Problem requirements
Return each line of the records with nothing changed, pictures excepted.
== Exercise input ==
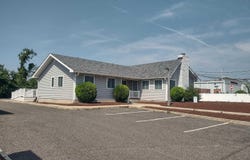 16 Roosevelt Blvd, Marmora, NJ 08226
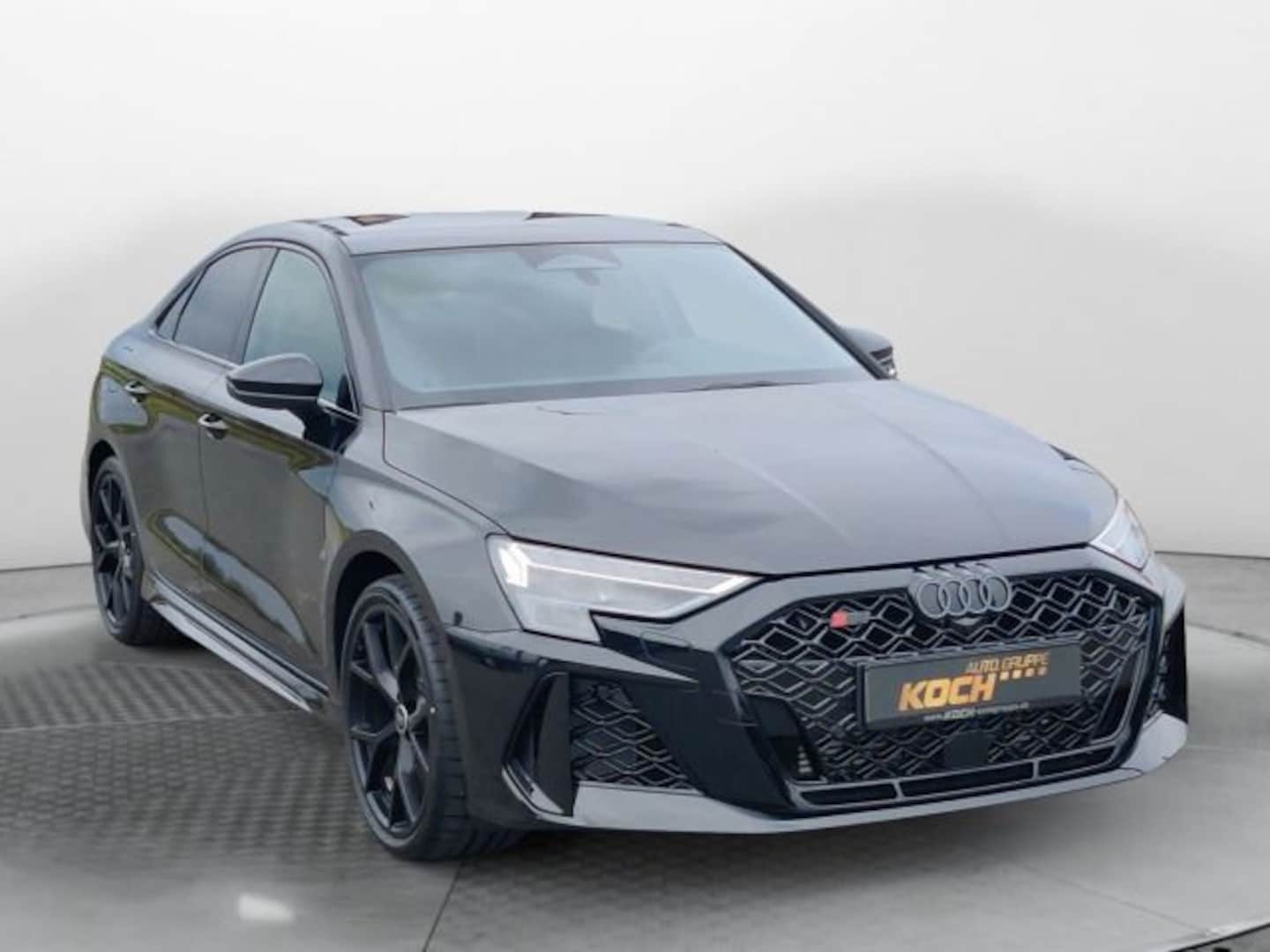 Bild über Audi RS 3 Limousine TFSI quattro 294 kW S tronic - für weitere Informationen kontaktieren Sie den Audi Partner
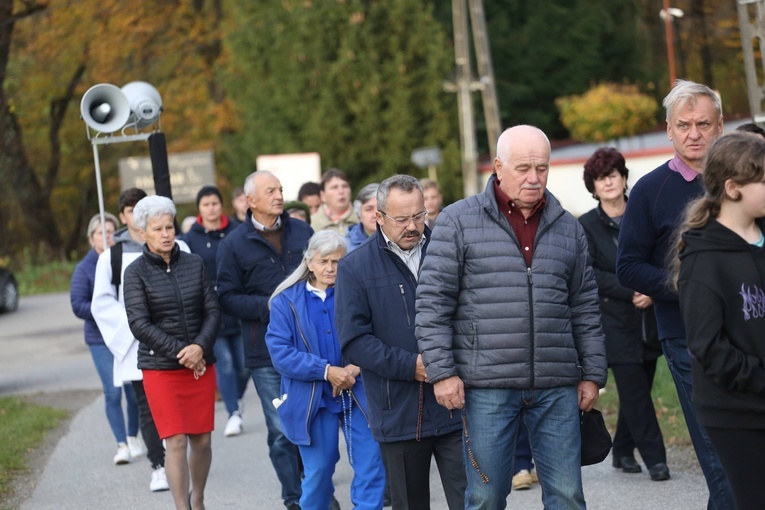 Procesja różańcowa w Brzozowej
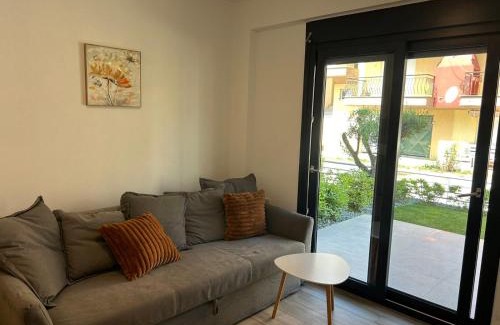 Ofrinion Apartamento | Ofriniou Heaven - 200m from the Beach - Swimming Pool Access - Starlink WIFI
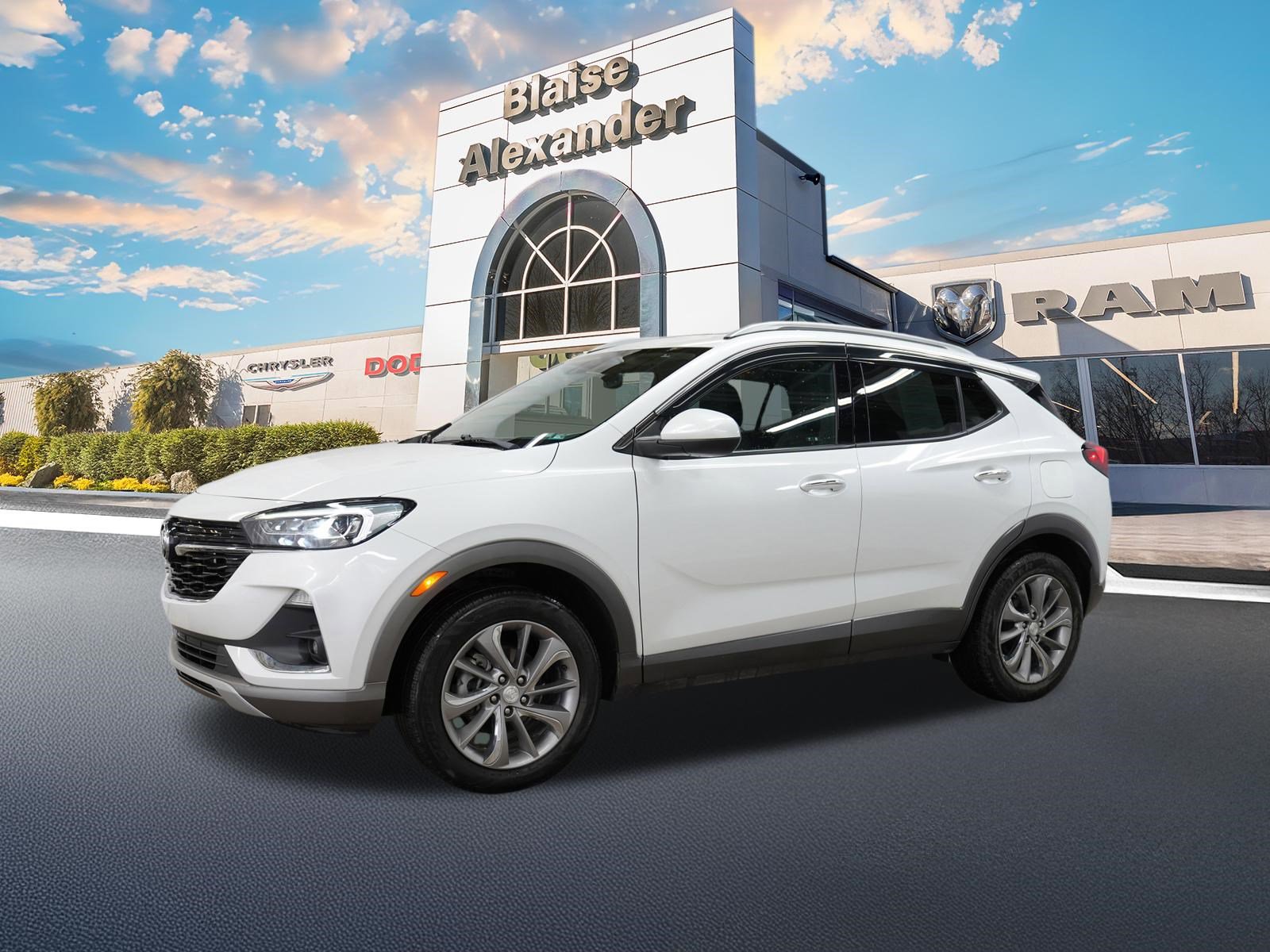 Used 2022 Buick Encore GX Essence w/ Experience Buick Package image 9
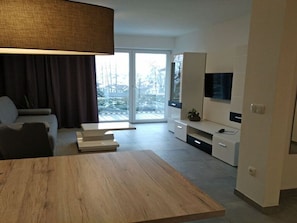 Luokittelematon kuva, 5 kautta 17, painike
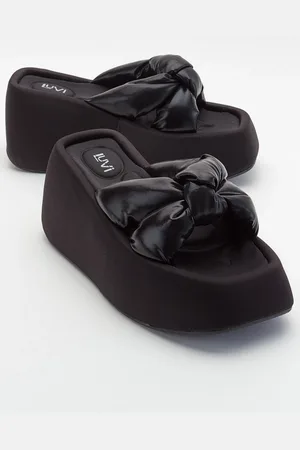 LuviShoes Regno dámské černé pantofle na klínku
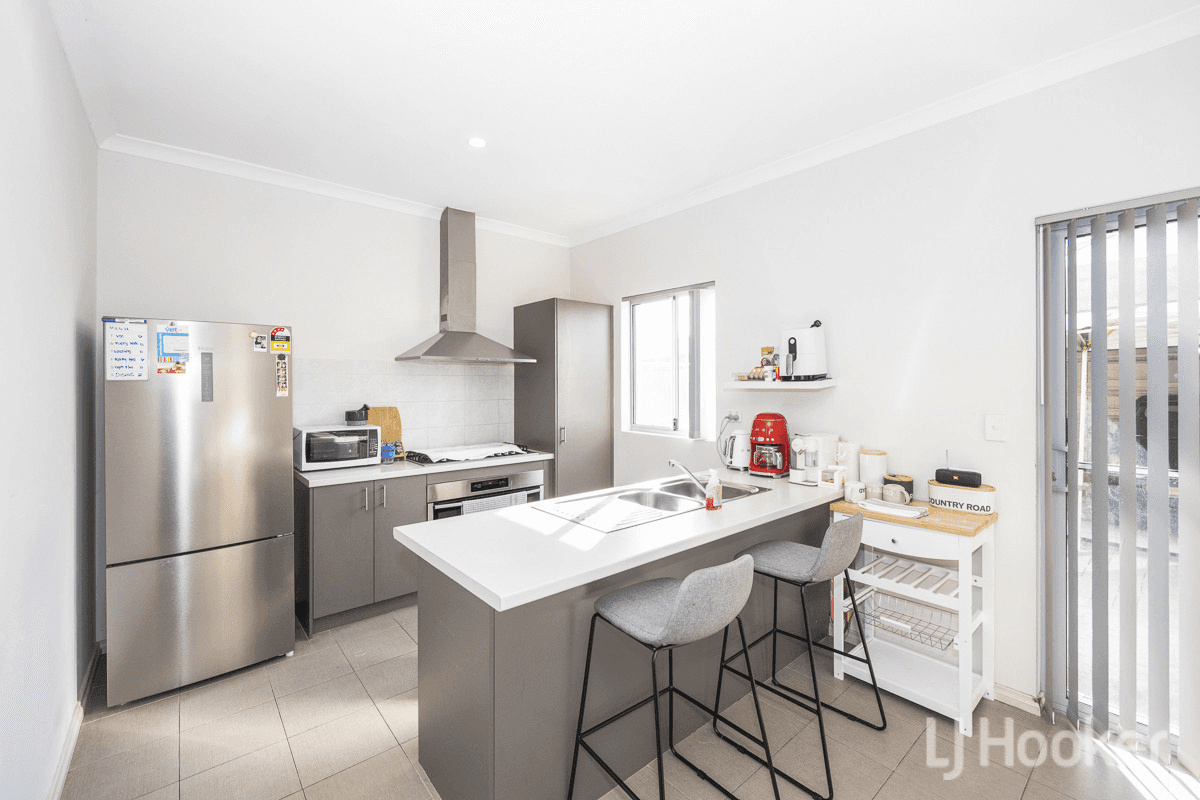 13 Bellini Gardens, ALKIMOS, WA 6038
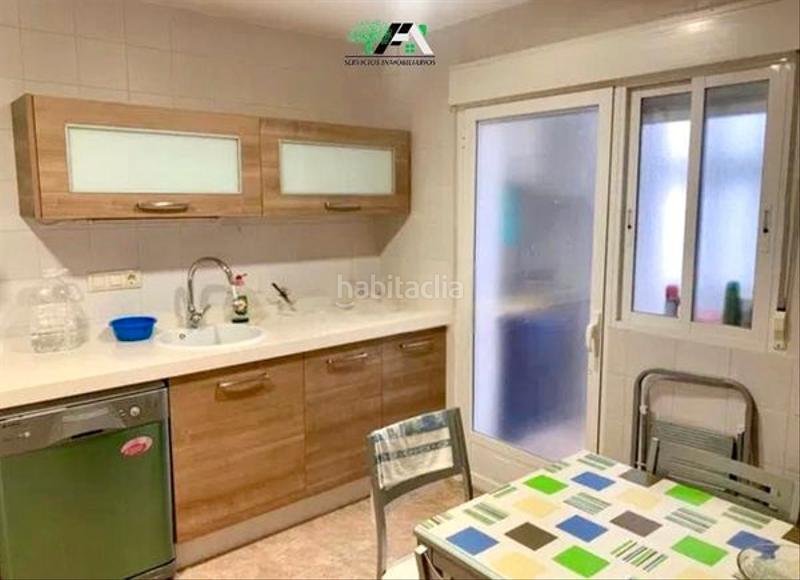 Foto 316c3ff6-da13-42b4-9902-67d58b2327b0. Duplex dans Baeza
===
Task output
 16 Roosevelt Blvd, Marmora, NJ 08226
 Bild über Audi RS 3 Limousine TFSI quattro 294 kW S tronic - für weitere Informationen kontaktieren Sie den Audi Partner
 Procesja różańcowa w Brzozowej
 Ofrinion Apartamento | Ofriniou Heaven - 200m from the Beach - Swimming Pool Access - Starlink WIFI
 Used 2022 Buick Encore GX Essence w/ Experience Buick Package image 9
 Luokittelematon kuva, 5 kautta 17, painike
 LuviShoes Regno dámské černé pantofle na klínku
 13 Bellini Gardens, ALKIMOS, WA 6038
 Foto 316c3ff6-da13-42b4-9902-67d58b2327b0. Duplex dans Baeza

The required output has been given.